Editor’s Letter March 2019
70 years ago, post war Holland was a pretty tough place. People who had survived the bombings and the Nazi occupation faced the prospect of rebuilding their lives out of the ruins. Businesses had been decimated and the reinstated government couldn’t afford to feed the population on its own.
My grandparents were a newly married couple in their 20s within this world and I remember as a kid being told stories about this time. One of the vivid, visceral feelings that I always had was a sense of helpless desperation that they felt. My grandparents couldn’t think about a future or a family when they were worried about how they were going to make a loaf of bread last a week.

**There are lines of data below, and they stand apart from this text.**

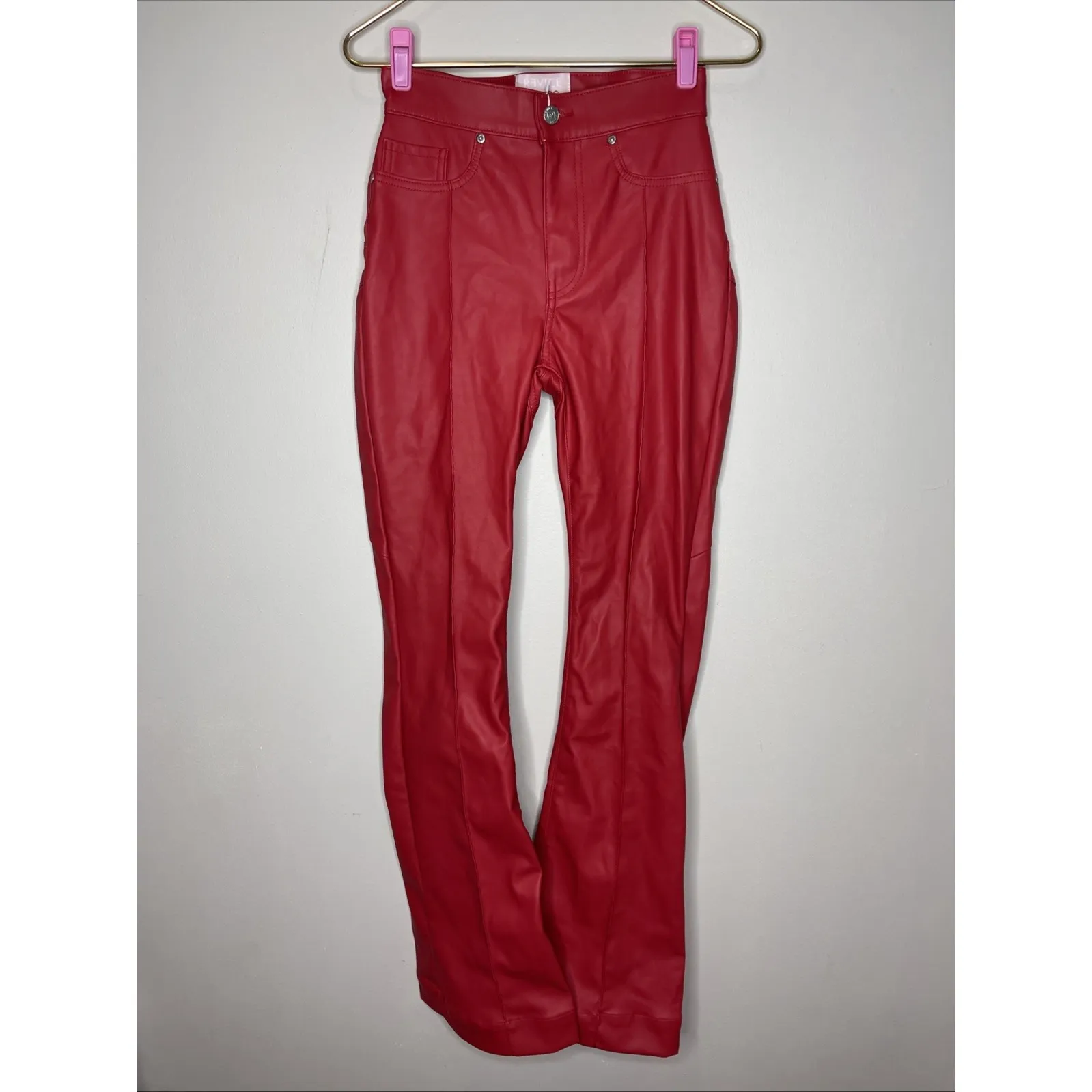 New Revice LA Venus Flare Pant Red Pleather Sz 26‎ - Image 2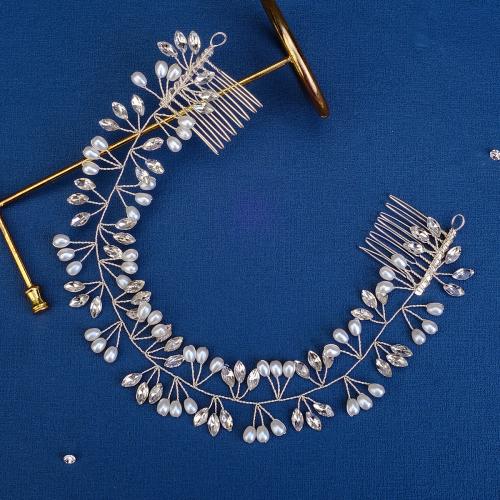Headband, Zinc Alloy, with Plastic Pearl, silver color plated, for bridal & for woman & with rhinestone, mixed colors 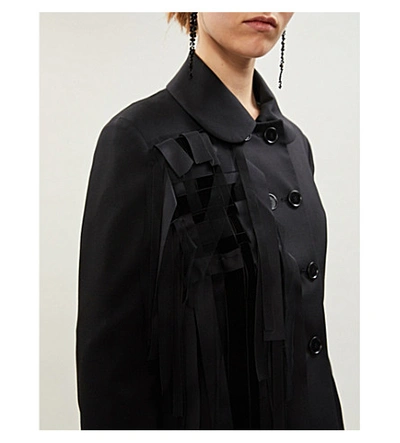 Shop Simone Rocha Contrast-panel Wool-blend Jacket In Black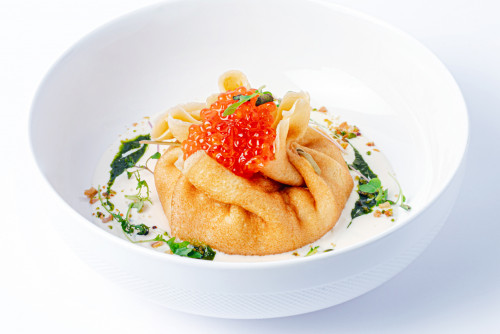 Блин с грибами и креветками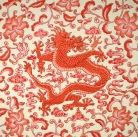 CHI'EN DRAGON / Ткань для интерьера, ручная роспись, ПРИНТ / Котон
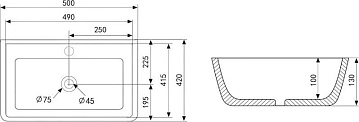 Накладная раковина Abber Rechteck AC2203MB матовая черная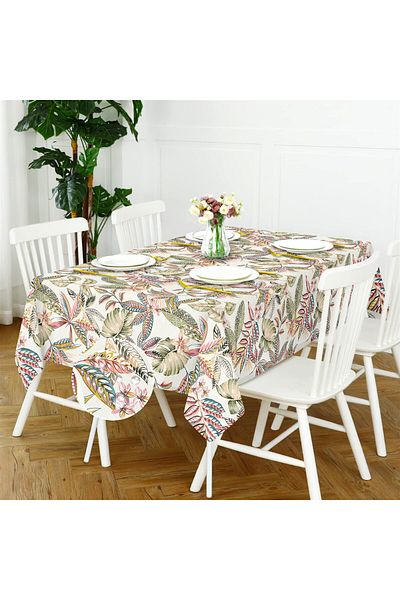 Evim Canvas Authentic Green Liquid Proof Stain Resistant Table Cloth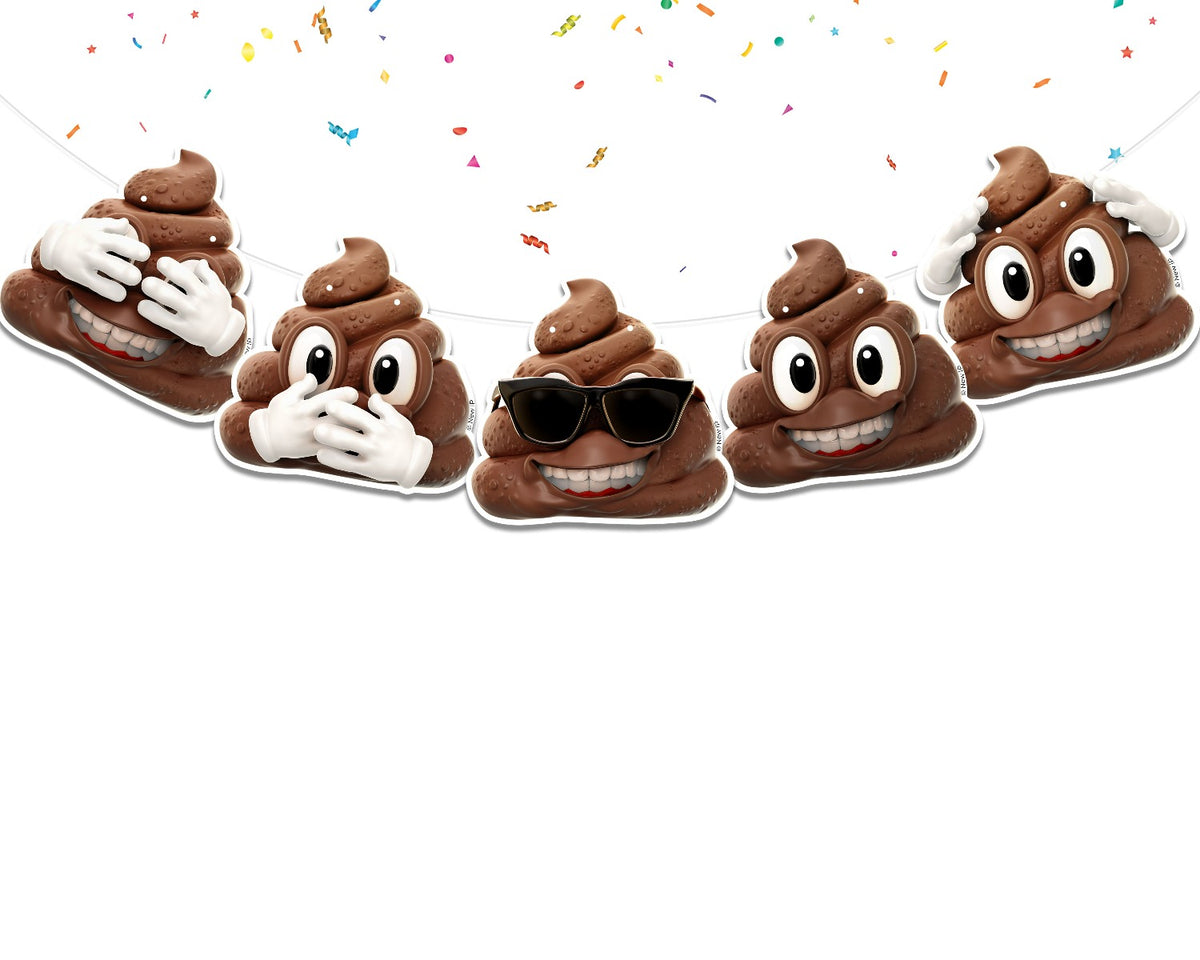 Cheeky Poop NEWMOJI Party Banner - Playful Cardstock Decoration for Fun-Filled Celebrations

It’s pretty tough as a six-year-old to put through an argument as to why you shouldn’t finish your mashed potatoes.
Like many of their friends, they escaped the hunger and the desperation and found a new world of opportunity when they boarded a boat to New Zealand.
And I just want to dwell on that word ‘opportunity’ for a moment. It’s a word that has lost its meaning over the years as it’s become a marketing/sales buzz word. But in its purest definition, that is what my grandparents found when they arrived here. They found a country that was rich in primary resources but also business owners that gave them an opportunity to learn new skills, to contribute to the economy and to build a life for themselves and their children. And an opportunity for some dignity.
And my point for taking you back in time is that this opportunity for my grandparents and their friends who arrived en masse from Holland didn’t come from a really kick-arse welfare system, it came from the private sector, businesses who are not only driving the economy, paying taxes and providing opportunities for families to create futures.
In this issue, we run coverage of the M2 Success Summit where we talked to three business minds who hold three very different places within the economy.
Sir George Fistonich, who helped create our wine industry – one that contributes over 1.6 billion dollars’ worth of outside money to the economy; Michael Anderson, who leads one of our largest local media operations against formidable and growing international competition; and Max Arshavsky, who is a new breed of entrepreneur, helping carve out new industries here.